The numbers on the graph are not for the same thing as the written numbers for 2016 and 2017. Those numbers on the graph are for "Removals" and "Returns" defined as follows . . .

"Removals are the compulsory and confirmed departure of a noncitizen based on an order of removal. Returns are the confirmed departure of a removable noncitizen not based on an order of removal (e.g. a grant of voluntary departure)."

Also, the graph only goes up to the year 2015.

Either sloppy journalism or intentional obfuscation. As far as I can tell there are no numbers published yet for 2017 Removals and Returns, which makes sense since 2017 is not over.

The numbers necessary to compare apples to apples are issued by the DHS and the numbers for 2017 necessary to do a decent evaluation of changes in illegal immigration rates won't be out for some time after 2017 concludes. Also, negative spikes in illegal immigration have happened in the past when new policies have been implemented. These spikes have typically been short term and rates have returned or even exceeded the rates from before the spike.

The take home, this is all bullshit anyway. It is theater for Trump supporters to keep them supportive. The amount of Illegal immigration into the US is not even remotely the major problem that Trump proclaims and I guarantee The Trump doesn't give a shit about it one way or the other except as a means to an end. That end being him becoming the biggest boss.

Darrell E said...

Will Trump can Sessions? Then Mueller? What fun! Stay tuned! I'd say that the wheels are about to fly off, except that doesn't really seem to be a possibility given the willingness of the Republican Party to allow the US to accept any amount of damage as long as they have their chance to ravage the remains.

Alfred Differ said...

Milton Friedman gets pissed on for that quote often, but most people I know who use it don't realize it is a misquote. It is a shortened version of the full quote and the short version delivers a VERY different and VERY heartless message.

Alfred Differ said...

"I like democratic governments that don't get captured!"

Okay.
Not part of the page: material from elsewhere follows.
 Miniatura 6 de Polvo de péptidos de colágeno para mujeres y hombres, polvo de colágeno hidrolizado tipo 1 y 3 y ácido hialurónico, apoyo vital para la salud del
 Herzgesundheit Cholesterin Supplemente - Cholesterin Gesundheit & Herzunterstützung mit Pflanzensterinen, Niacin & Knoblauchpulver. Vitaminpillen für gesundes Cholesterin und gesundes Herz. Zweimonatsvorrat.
That deserves a big smile... and a FB meme. 8)

matthew said...

Interesting article on the ultra-rich and the philanthropic dynasties they create for their children.

https://www.theguardian.com/society/commentisfree/2017/jul/25/philanthropic-dynasties-exerting-power-us-policy

tl;dr - the rich are creating foundations for their heirs to still be relevant and powerful even if not rich. Interesting note that many heirs tend to be more liberal than the progenitors of the wealth.
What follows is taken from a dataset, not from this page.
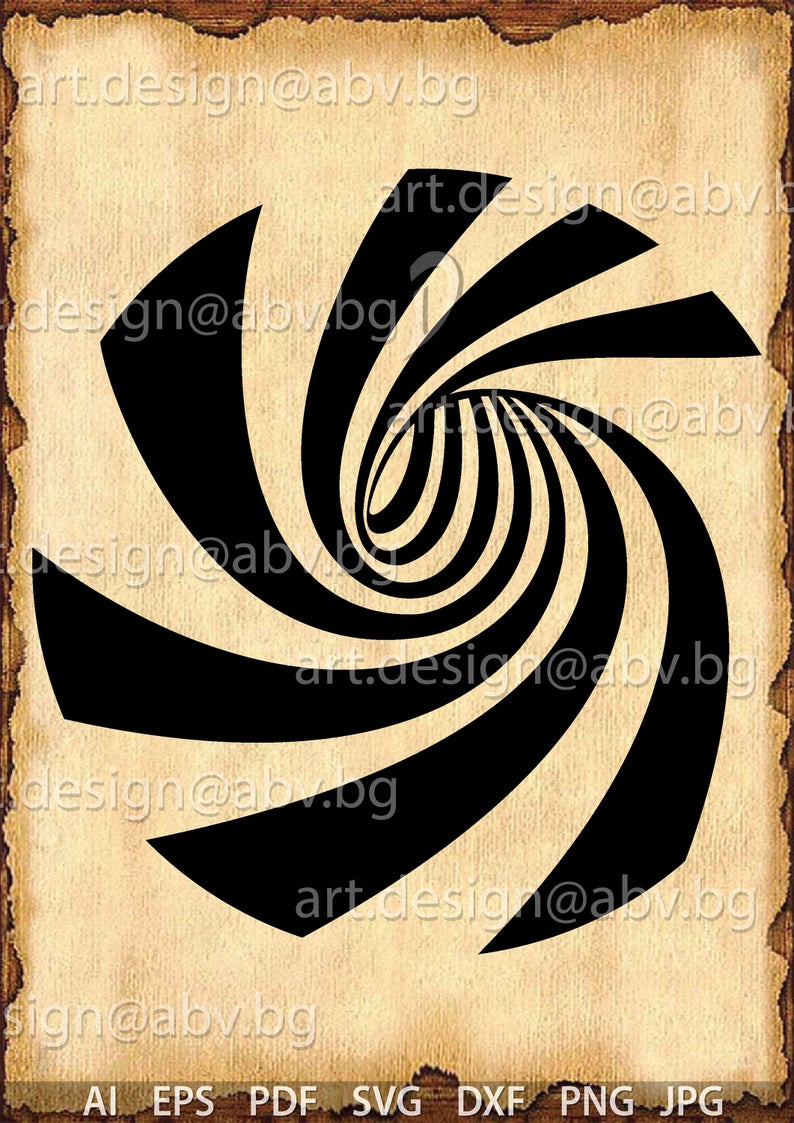794x1123 Vector Hypnotic Spiral Png Pdf Dxf Etsy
Reminds me of "Earth," and apropos of much discussion here as of late.

A.F. Rey said...

Also about The Blaze article...

They give the number of those who have been captured or deemed inadmissible. Are the numbers down because fewer people are trying to cross illegally, or because fewer people are being caught? ;)

The article doesn't go into that... :)

Zepp Jamieson said...

Unfortunately, McCain's political philosophy remains, "Why be a hero when it's so much easier to be a whore?"
He voted to advance the bill, and Pence cast the tie-breaker.

Ioan said...

@A.F. Rey

The article doesn't go into that, but my understanding is that the border apprehensions are used as a proxy for demand. According to my understanding, this has been true since the Clinton administration.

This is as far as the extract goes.